A person stands center stage with arms raised, in front of a geometric set with colored rectangular panels and dramatic lighting.

‘Did You Eat? (밥먹었니?)’ Off-Broadway review — Zoë Kim's physicality shines in autobiographical solo show

Read our review of Did You Eat? (밥먹었니?) off Broadway, writer and performer Zoë Kim’s solo show presented by Ma-Yi Theater Company at The Public Theater.

Summary

  • Zoë Kim’s solo show Did You Eat? (밥먹었니?) tells the autobiographical story of her family life and self-image
  • Kim's physicality stands out as she embodies the overwhelming nature of both love and depression
  • Audiences have called the show moving and thought-provoking
  • The show is recommended for fans of solo performances
  • dance theatre
  • and explorations of Asian experiences
Amelia Merrill
Amelia Merrill

In most solo shows, performers address the audience, attempting to singularly hold their attention for however many hours. In Did You Eat? (밥먹었니?), Zoë Kim’s solo show at The Public Theater, she addresses an orb. The small, glowing object may have been an invention of director Chris Yejin or scenic designer Tanya Orellana — in the script, Kim’s stage directions about the orb are addressed to “you.” While the orb is sometimes neglected in favor of Kim’s own memories, the prop starts off as a second character, trying to pull Kim out from typical solo-show traps.

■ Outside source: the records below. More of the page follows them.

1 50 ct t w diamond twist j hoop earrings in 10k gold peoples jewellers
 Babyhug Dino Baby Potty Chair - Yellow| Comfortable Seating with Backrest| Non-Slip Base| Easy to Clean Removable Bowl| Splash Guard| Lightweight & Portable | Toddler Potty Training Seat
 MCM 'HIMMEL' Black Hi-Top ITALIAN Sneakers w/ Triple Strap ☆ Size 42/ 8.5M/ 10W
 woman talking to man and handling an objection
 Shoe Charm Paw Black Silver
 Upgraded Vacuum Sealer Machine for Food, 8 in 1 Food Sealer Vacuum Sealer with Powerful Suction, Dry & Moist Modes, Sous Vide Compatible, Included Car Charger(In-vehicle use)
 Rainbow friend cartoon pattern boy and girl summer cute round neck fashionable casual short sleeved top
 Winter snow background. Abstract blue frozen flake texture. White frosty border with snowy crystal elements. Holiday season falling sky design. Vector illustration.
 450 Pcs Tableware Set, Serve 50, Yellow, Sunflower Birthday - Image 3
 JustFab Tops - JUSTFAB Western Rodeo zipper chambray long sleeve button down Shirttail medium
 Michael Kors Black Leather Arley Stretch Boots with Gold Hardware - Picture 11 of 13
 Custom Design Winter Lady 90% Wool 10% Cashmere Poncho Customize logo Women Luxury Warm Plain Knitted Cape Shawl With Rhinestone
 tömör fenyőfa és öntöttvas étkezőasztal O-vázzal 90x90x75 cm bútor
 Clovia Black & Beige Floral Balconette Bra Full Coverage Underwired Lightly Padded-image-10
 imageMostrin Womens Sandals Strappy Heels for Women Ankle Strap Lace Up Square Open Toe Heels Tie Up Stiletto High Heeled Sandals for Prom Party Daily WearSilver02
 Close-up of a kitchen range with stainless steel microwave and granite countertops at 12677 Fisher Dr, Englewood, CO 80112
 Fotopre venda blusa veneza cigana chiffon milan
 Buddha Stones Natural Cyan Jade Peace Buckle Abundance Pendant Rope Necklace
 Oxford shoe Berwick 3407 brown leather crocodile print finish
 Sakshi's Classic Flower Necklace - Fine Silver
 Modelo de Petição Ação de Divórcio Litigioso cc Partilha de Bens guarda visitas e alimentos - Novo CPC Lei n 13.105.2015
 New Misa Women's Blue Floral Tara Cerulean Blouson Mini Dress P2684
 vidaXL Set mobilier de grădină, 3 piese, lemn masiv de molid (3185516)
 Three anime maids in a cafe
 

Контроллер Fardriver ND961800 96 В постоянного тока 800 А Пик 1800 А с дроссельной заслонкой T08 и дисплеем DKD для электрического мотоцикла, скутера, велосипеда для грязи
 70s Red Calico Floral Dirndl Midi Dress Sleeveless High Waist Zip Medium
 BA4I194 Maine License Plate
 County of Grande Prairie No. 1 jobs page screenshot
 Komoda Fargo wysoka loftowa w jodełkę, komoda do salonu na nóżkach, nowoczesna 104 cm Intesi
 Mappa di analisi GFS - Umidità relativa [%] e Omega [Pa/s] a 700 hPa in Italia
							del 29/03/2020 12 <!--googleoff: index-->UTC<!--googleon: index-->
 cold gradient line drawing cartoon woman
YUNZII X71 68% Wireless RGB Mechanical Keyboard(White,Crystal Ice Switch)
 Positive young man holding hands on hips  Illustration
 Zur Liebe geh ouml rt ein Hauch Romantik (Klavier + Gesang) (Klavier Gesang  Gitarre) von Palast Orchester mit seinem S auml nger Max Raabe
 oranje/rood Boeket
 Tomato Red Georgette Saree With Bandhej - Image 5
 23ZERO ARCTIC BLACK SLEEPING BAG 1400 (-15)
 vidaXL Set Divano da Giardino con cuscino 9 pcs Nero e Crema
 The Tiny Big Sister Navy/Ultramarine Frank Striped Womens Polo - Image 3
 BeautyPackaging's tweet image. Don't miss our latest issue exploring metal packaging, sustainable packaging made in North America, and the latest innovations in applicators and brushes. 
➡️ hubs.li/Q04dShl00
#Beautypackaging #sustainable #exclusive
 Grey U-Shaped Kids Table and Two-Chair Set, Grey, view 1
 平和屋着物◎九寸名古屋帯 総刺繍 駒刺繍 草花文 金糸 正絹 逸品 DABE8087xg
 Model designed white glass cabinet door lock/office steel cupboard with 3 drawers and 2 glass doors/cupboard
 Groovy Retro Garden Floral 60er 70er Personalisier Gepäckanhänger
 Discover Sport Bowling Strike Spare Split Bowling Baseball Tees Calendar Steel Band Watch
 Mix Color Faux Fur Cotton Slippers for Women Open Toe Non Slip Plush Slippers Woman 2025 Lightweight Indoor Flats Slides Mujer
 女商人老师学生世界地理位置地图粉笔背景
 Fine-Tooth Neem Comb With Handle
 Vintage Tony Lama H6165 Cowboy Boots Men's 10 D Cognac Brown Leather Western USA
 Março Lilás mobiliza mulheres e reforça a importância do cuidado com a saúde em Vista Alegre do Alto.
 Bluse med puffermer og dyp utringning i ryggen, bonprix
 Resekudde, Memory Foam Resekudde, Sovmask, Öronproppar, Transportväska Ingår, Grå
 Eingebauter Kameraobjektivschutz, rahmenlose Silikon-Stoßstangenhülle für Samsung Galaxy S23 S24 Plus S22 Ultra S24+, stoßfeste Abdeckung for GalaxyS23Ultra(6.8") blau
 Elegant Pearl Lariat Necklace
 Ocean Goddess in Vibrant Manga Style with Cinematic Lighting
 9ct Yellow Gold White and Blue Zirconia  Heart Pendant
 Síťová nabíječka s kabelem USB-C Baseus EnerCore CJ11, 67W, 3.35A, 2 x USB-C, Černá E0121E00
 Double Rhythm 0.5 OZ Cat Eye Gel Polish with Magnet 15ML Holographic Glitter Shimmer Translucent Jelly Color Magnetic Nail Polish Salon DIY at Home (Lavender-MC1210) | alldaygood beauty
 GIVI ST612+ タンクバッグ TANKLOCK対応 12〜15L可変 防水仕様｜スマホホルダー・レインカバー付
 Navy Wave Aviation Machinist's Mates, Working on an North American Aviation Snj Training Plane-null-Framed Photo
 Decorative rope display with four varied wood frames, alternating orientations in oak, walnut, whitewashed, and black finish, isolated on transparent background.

Did You Eat? (밥먹었니?), produced by Ma-Yi Theater Company as part of its residency at the Public, details Kim’s adolescence, from her prayer that the gods turn her into a boy to fit her Korean parents’ patriarchal desires to her coming of age in America. The show is a barrage of confessions, most of them disturbing: Kim’s Appa (father) locked her in her room one summer and fed her diet pills, quizzing her on SAT words and beating her with a golf club when she got them wrong. When she finally told a school counselor about the abuse, Kim’s Umma (mother) insisted she was lying and berated her for bul-hyo: dishonoring one’s parents. In true American fashion, the audience gasped and tutted most at the reveal that Umma later took out loans and credit cards in Kim’s name.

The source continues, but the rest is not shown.